• [Task material]
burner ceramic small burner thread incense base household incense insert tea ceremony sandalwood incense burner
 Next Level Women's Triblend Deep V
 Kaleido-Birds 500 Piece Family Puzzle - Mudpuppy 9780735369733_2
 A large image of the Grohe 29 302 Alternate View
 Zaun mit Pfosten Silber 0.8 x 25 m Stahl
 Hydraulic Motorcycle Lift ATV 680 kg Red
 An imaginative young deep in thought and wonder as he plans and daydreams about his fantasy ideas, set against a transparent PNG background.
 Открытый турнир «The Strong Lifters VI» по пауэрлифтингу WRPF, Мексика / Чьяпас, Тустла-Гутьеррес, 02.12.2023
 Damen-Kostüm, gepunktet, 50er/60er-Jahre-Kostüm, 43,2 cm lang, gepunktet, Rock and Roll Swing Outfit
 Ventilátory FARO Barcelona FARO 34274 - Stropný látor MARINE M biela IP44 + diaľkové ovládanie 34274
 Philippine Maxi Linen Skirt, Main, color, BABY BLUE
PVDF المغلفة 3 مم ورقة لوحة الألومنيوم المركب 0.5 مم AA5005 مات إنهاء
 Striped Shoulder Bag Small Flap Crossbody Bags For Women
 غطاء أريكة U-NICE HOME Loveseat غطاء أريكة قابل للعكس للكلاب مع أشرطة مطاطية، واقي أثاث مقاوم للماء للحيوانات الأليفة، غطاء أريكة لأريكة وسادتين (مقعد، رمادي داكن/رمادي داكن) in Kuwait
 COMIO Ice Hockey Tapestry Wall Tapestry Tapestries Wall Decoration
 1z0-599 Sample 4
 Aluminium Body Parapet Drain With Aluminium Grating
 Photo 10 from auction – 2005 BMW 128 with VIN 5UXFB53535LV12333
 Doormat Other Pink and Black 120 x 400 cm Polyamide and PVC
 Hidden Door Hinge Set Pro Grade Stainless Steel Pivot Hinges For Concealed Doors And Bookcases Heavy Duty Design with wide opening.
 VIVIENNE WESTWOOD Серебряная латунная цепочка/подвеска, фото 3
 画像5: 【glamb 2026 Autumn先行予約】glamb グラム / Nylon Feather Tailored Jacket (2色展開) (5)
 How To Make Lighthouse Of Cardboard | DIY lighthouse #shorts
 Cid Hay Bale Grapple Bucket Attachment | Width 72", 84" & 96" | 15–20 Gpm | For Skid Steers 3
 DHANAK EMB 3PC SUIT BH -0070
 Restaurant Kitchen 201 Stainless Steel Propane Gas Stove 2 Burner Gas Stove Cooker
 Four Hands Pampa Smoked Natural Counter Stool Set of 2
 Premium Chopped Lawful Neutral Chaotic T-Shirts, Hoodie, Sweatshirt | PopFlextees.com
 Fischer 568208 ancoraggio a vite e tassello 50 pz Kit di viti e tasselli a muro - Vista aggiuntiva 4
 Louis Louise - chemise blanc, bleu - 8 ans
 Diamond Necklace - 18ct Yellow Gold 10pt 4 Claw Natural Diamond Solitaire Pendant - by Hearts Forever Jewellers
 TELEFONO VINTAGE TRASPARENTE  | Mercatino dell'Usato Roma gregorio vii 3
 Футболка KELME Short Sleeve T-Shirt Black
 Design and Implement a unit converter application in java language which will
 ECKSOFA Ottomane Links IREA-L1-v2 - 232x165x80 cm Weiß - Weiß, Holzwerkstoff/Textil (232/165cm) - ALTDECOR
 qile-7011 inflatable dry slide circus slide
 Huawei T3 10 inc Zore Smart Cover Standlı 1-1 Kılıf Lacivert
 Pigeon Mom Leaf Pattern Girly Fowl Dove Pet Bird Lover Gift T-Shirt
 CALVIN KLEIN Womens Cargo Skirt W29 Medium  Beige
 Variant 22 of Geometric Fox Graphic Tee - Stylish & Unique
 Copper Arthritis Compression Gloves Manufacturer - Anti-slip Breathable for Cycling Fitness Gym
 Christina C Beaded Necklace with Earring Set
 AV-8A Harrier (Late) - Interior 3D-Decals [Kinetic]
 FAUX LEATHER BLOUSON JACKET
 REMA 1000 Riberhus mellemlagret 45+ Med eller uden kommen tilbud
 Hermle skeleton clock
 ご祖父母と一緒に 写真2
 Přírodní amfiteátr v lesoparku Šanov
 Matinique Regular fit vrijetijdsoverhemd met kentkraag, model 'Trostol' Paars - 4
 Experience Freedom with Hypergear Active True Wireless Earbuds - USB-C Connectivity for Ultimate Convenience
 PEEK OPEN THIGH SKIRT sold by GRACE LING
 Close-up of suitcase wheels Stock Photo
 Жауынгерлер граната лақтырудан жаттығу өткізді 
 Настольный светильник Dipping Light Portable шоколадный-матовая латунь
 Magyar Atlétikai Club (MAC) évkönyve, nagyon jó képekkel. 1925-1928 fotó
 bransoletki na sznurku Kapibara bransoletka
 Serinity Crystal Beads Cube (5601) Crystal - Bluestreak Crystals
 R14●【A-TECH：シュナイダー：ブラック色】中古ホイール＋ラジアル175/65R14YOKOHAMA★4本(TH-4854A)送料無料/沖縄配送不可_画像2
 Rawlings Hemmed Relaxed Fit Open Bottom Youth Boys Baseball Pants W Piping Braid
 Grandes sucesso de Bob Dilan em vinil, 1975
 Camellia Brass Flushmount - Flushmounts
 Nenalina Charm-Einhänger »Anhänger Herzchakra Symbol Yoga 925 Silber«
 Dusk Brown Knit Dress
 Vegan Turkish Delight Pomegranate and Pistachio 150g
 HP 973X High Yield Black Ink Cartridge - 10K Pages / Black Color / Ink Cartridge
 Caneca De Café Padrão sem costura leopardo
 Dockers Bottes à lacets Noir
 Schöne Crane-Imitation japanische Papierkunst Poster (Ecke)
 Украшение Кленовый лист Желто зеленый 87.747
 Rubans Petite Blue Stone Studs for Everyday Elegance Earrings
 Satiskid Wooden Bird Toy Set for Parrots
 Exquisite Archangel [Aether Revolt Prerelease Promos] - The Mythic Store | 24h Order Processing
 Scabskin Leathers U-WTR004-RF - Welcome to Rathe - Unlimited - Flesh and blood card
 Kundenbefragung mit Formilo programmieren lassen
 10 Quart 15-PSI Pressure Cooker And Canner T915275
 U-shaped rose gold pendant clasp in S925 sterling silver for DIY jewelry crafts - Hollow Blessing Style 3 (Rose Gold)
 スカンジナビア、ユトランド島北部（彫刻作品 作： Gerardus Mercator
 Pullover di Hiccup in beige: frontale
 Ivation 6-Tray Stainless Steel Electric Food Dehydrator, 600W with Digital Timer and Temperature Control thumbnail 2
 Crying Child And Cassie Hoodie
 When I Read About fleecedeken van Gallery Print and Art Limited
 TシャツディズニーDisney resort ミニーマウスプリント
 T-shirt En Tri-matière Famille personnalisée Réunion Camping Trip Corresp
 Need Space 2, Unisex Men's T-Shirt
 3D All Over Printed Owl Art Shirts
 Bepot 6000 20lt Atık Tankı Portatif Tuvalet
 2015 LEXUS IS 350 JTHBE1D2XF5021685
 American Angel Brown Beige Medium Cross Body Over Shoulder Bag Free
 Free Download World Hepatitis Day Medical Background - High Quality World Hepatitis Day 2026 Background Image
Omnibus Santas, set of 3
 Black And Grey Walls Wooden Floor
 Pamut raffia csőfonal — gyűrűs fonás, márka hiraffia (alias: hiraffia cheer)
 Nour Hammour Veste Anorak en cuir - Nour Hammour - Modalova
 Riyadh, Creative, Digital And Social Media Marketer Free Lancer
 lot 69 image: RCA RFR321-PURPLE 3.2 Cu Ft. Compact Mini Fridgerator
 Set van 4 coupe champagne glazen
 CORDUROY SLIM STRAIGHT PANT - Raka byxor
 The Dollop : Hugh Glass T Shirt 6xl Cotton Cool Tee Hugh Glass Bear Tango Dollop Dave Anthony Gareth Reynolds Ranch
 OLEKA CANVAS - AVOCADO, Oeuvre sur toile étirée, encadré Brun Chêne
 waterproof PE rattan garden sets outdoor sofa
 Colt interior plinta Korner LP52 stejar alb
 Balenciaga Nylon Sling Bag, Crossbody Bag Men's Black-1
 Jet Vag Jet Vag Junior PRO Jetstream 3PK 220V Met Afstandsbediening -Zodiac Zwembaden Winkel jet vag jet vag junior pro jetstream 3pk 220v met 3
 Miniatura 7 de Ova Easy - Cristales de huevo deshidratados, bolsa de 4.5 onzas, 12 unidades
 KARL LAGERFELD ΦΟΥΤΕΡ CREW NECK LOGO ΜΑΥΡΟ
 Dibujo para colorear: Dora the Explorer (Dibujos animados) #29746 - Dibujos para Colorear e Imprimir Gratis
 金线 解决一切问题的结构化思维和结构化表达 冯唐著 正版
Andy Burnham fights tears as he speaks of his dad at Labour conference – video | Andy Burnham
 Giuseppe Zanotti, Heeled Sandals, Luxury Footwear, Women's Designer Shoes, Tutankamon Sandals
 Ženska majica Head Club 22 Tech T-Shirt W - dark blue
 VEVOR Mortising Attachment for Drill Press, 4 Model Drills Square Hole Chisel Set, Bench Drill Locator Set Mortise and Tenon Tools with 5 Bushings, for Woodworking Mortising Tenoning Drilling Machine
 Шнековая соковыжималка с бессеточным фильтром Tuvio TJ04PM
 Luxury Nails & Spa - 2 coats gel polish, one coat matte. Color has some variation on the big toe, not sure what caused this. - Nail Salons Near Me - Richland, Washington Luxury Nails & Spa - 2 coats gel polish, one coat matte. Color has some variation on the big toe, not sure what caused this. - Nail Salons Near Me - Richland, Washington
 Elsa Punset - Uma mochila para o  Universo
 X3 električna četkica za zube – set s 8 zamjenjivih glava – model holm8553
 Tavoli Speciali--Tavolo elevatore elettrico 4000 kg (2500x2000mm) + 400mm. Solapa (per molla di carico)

• [What the task requires] Give back exactly the lines above starting at the line where "Camellia Brass Flushmount - Flushmounts" appears and ending at the line where "Scabskin Leathers U-WTR004-RF" appears, both included, with no other lines.

• [Exercise answer]
 Camellia Brass Flushmount - Flushmounts
 Nenalina Charm-Einhänger »Anhänger Herzchakra Symbol Yoga 925 Silber«
 Dusk Brown Knit Dress
 Vegan Turkish Delight Pomegranate and Pistachio 150g
 HP 973X High Yield Black Ink Cartridge - 10K Pages / Black Color / Ink Cartridge
 Caneca De Café Padrão sem costura leopardo
 Dockers Bottes à lacets Noir
 Schöne Crane-Imitation japanische Papierkunst Poster (Ecke)
 Украшение Кленовый лист Желто зеленый 87.747
 Rubans Petite Blue Stone Studs for Everyday Elegance Earrings
 Satiskid Wooden Bird Toy Set for Parrots
 Exquisite Archangel [Aether Revolt Prerelease Promos] - The Mythic Store | 24h Order Processing
 Scabskin Leathers U-WTR004-RF - Welcome to Rathe - Unlimited - Flesh and blood card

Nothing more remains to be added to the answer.